Checker: An Audio File Validator for LibriVox Contributions
Checker is an open source tool that looks for common problems with Librivox recordings.
You can download the tool from the developer's website, here. The current version was released April 30 2021 (1.1) and included the following updates:
- refreshed visuals
- macOS installer now supports both Intel and Apple CPUs
- new installers for Linux (and Chromebooks with the Linux (beta) feature)
- added ability to check for updates on demand/automatically check monthly
- fixed issue causing file status rows to be harder to read when selected
- updated code for Java 8+, dated 11 January 2019.
What does Checker do?
Checker looks for common problems with your Librivox audio recordings. It can save you time by checking your file for common technical issues before you go to the trouble of uploading it.
The program checks many technical features of your file. It can find problems with volume, MP3 encoding options, audio format, metadata (ID3 tags), and file naming conventions.
It does not check the content of the recording (such as reading the wrong word), nor the quality of your performance.
How to use Checker
To use Checker, drag-and-drop MP3 files (or a folder or ZIP archive) onto the window, then wait for it to analyze them. Once done, click a file name to see a report of any issues that it found. The report will either state that the file “passed” or else list any issues as errors or warnings. Errors are serious problems that should be fixed before uploading the file. A warning is less serious, or in some cases a potential problem that Checker is not sure about.
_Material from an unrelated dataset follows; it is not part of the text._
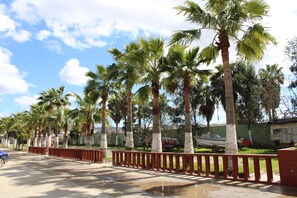A street lined with palm trees, a red fence, and a boat parked near a building.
For a video on using Checker to review the decibel level of your MP3: click here
Checker is written in Java, and runs on many popular platforms including Windows, MacOS and Linux.
Instructions for installing Checker on Linux
To install this useful utility in Linux, see installation instructions here 
You need to have Java running on your computer in order to use Checker. If you are installing Checker to Windows or to MacOS, the Checker installer will automatically try to install Java for you if necessary, but if that fails you can also install it yourself.
Further installation instructions can be found on the download page.
If you run into problems, make sure you have not disabled Java in your browser.